TASK ITEM: Repeat the listing below in full and exactly. Pictures are to be omitted.

RAW DATA:
<<<<
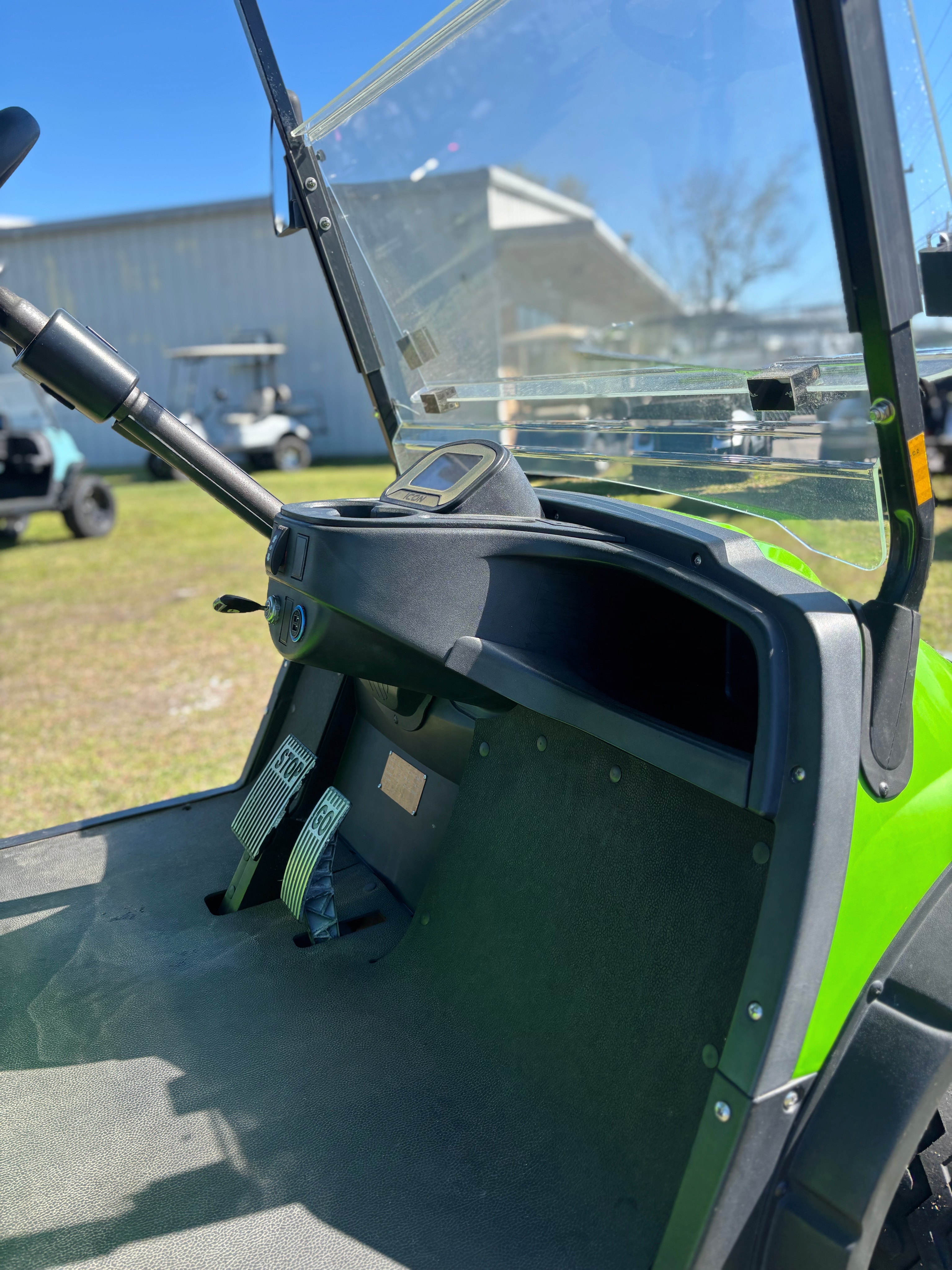 2022 Icon i40L Golf Cart 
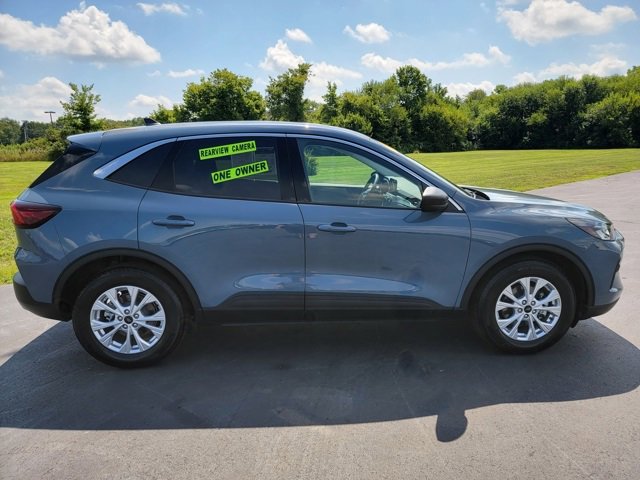 2023 Ford Escape Active photo 2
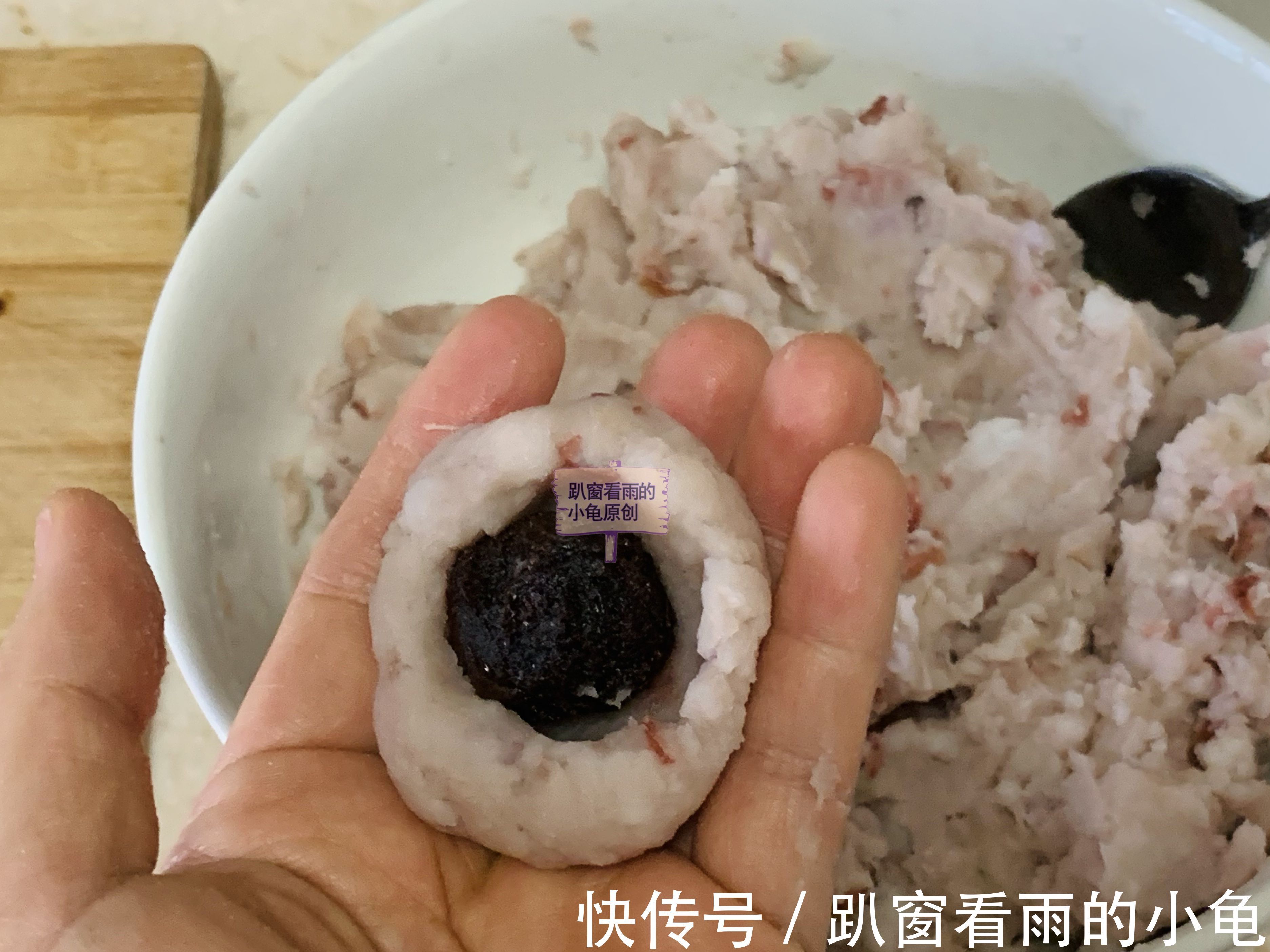枣泥|红楼美食:枣泥馅山药糕,做法简单,秋天滋阴润燥,营养又好吃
>>>>
TASK OUTPUT:
 2022 Icon i40L Golf Cart 
 2023 Ford Escape Active photo 2
枣泥|红楼美食:枣泥馅山药糕,做法简单,秋天滋阴润燥,营养又好吃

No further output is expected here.